■ **DATASET EXCERPT**:
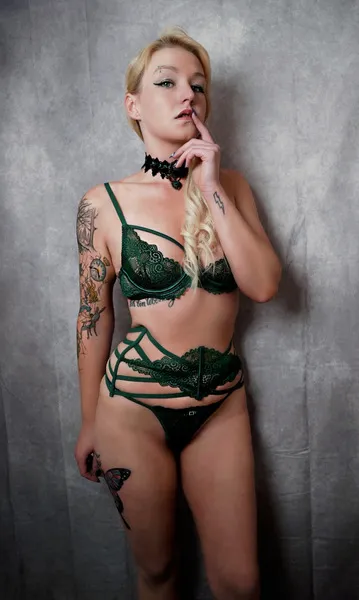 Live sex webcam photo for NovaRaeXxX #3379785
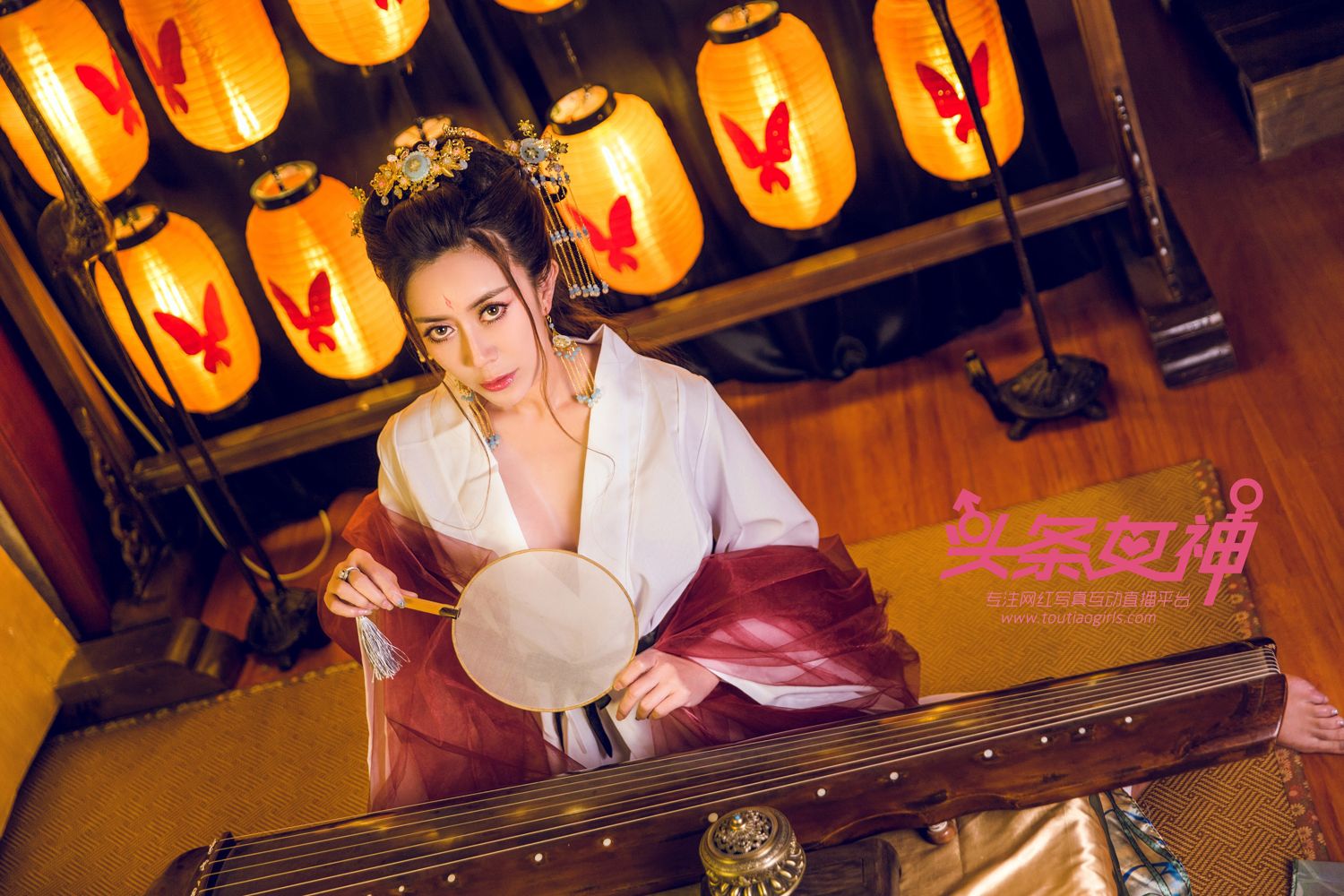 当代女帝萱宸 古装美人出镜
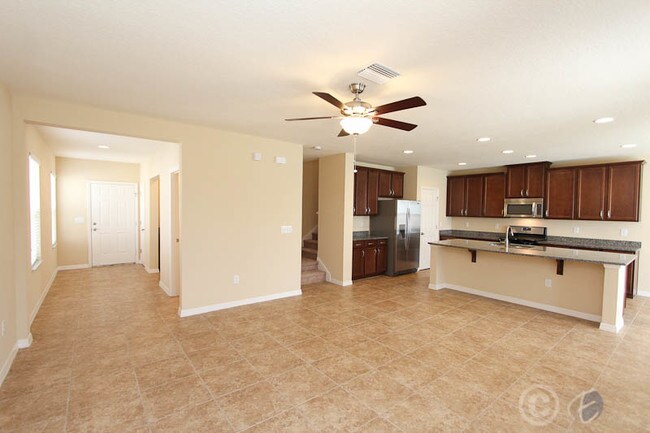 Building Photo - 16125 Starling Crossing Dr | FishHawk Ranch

■ **WORK TO COMPLETE**: Please copy out the whole listing exactly as it stands, minus the pictures.

■ **TASK RESPONSE**:
 Live sex webcam photo for NovaRaeXxX #3379785
 当代女帝萱宸 古装美人出镜
 Building Photo - 16125 Starling Crossing Dr | FishHawk Ranch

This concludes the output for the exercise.